Der Schalker Trainer plant Neuverpflichtungen. Der neue Superstar Raúl enttäuscht bei seinem Bundesliga-Debüt in Hamburg auf der ganzen Linie

Gelsenkirchen. Die Muße, den Aufenthalt an seiner alten Wirkungsstätte zu genießen, hatte Felix Magath nicht. Der Zustand, den seine Mannschaft beim verpatzten Saisonauftakt in Hamburg offenbart hatte, weckte beim Schalker Trainer nicht gerade Lust, den Abend mit alten Weggefährten vom HSV ausklingen zu lassen. Dazu ist die aktuelle Lage auf Schalke zu ernst.

"Wir haben wieder gesehen, dass noch etwas passieren muss", sagte Magath nach der 1:2-Niederlage und wiederholte, was er bereits seit Monaten gebetsmühlenhaft predigt. "Wir können auf diesem Niveau noch nicht mithalten. Da muss etwas passieren, und da wird noch einiges passieren. Ich gehe davon aus, dass noch neue Spieler kommen werden", hielt der 57-Jährige erneut ein Plädoyer für Verstärkungen "vor allem für den Offensivbereich."

Magath hat derzeit viele Baustellen zu bearbeiten. Neben der Harmlosigkeit der Angriffsbemühungen fehlte dem Mittelfeldspiel fast jegliche Kreativität. Hinzu kamen eklatante Abstimmungsschwierigkeiten in der Defensive, die den Gesamteindruck vermittelten, dass sich der Vizemeister möglicherweise schon sehr früh ohne weitere Einkäufe von dem Kreis der Spitzenteams verabschieden könnte.

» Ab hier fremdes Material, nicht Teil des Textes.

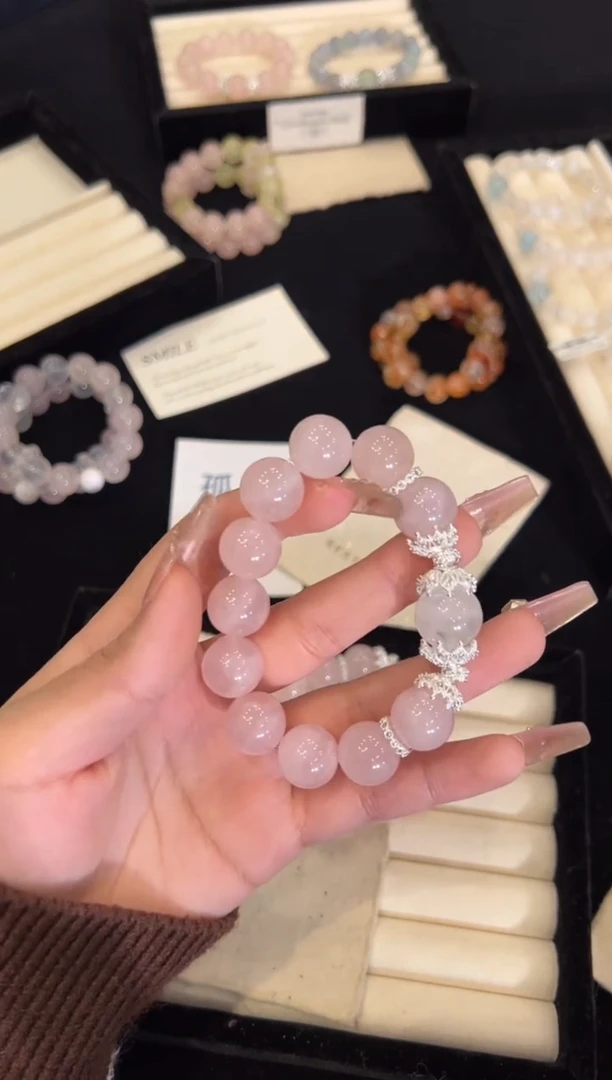 【闪购商品】水晶手链合金粉水晶手链x1460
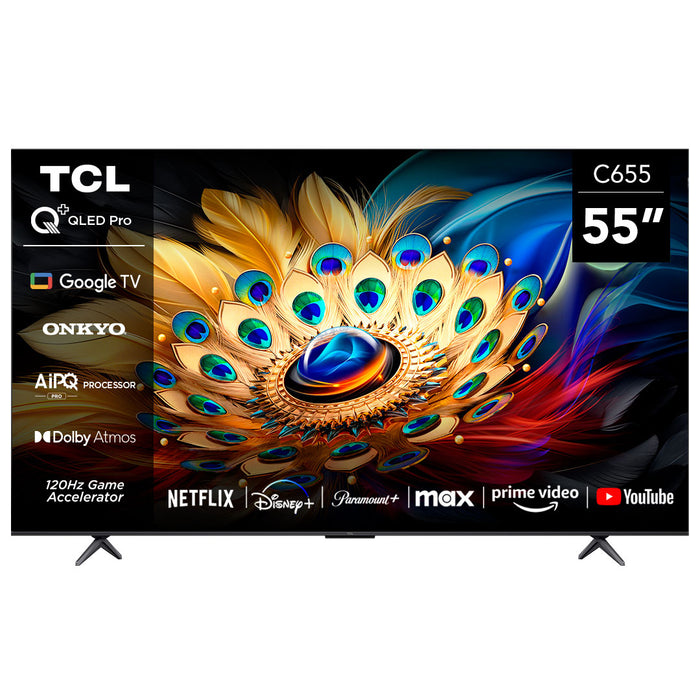 TCL 55" QLED 4K 55C655 Smart TV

Die Schalker hatten es zu keinem Zeitpunkt des Spiels geschafft, die Hamburger mit Aktionen aus dem Spiel heraus in Bedrängnis zu bringen. Der Angriff mit Raúl, der bei seinem Bundesliga-Debüt wie ein Fremdkörper gewirkt hatte, sowie dem Brasilianer Edu strahlte kaum Gefahr aus. "Es war Raúls erstes Bundesligaspiel, und weil wir taktisch zunächst nicht so offensiv ausgerichtet waren, konnte er gar nicht so oft in Szene gesetzt werden", sagte Magath über den 33-jährigen Spanier, dem er wegen des ideenlosen Aufbauspiels noch mildernde Umstände zubilligte.

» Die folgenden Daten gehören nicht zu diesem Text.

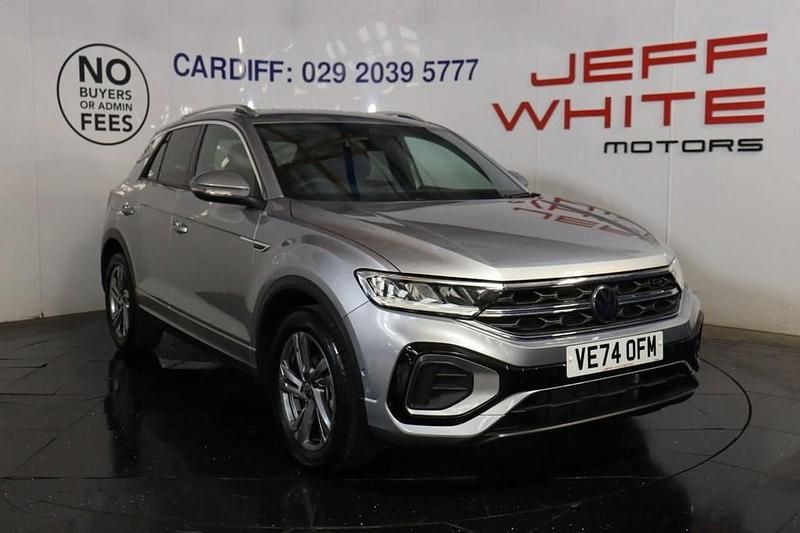 Silver New 2025 VW T-Roc R-line SUV | £27,488 (Good price) - Image 1/4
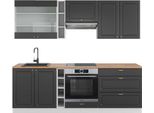 Vicco Cucina Componibile Fame-Line, 235 Cm , Pt Rovere, Antracite-Oro/Bianco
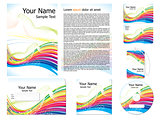 abstract rainbow corporate id template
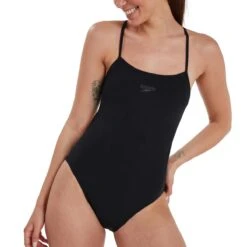 Speedo Eco Endurance+ Thinstrap Swimsuit - Black -Speedo Store tumbnail f8f4f79c 304c 4576 bb74 f62cffde424b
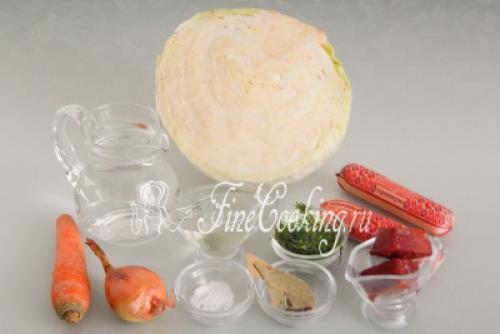 Красная капуста тушеная. Тушеная красная капуста 10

Um die Qualitäten des Rekordschützen der Champions League nutzen zu können, wird dringend ein Passgeber für das Mittelfeld sowie ein Sturmpartner für Raúl benötigt. Bis zur Schließung der Transferliste am Dienstag in einer Woche hat Magath Zeit, die Gespräche mit den Kandidaten zu finalisieren. Unverändert soll nach Meldungen englischer und italienischer Zeitungen Schalker Interesse am Brasilianer Robinho von Manchester City sowie Jan Huntelaar vom AC Mailand bestehen. Ein Kandidat ist auch Raúls Ex-Teamkollege Julio Baptista, 28. Der Brasilianer, der vor zwei Jahren von Real Madrid zum AS Rom wechselte, könnte für fünf Millionen Euro das offensive Mittelfeld des Vizemeisters verstärken. Sein Vorteil: In 75 Spielen für Spaniens Rekordmeister (33 Tore) zwischen 2005 und 2008 stand er häufig an Raúls Seite. Magath ist von Julio Baptistas Fähigkeiten überzeugt: "Ein sehr guter Mann."

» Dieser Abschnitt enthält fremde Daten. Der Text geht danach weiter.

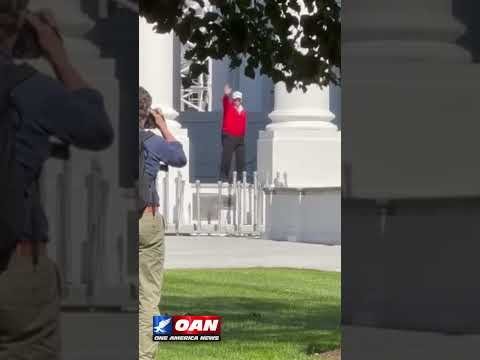 President Trump returned to the White House yesterday 1 President Trump returned to the White House yesterday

Zvjezdan Misimovic, Spielmacher in Diensten des Liga-Konkurrenten VfL Wolfsburg, erhält dagegen offenbar keine Freigabe. Magath könne "baggern, so viel er will", erklärte VfL-Manager Dieter Hoeneß, der höchstens dann bereit sein dürfte, den Bosnier doch noch ziehen zu lassen, wenn er Aussicht auf einen adäquaten Ersatz hätte.

Doch selbst wenn Magath beim Transferpoker Erfolg haben sollte, wären damit längst nicht alle Probleme gelöst. In den kommenden Tagen muss er sich auch mit den eigenen Fans auseinandersetzen, die wegen der Absetzung des langjährigen Fan-Beauftragen Rolf Rojek verstimmt sind. "Es sind nicht die Fans, es ist eine Gruppe von Fans", versuchte Magath die Kontroverse herunterzuspielen.

Das sehen zumindest Teile der Schalker Anhänger anders. In Hamburg hatten mehrere Hundert Fans weiße T-Shirts mit der Aufschrift "die kleine Gruppe" angezogen. Eine ironische Verniedlichung der eigenen Bedeutung - schließlich vertritt der Schalker Fanclub-Verband, dem Rojek immer noch vorsteht, über 80 000 Mitglieder.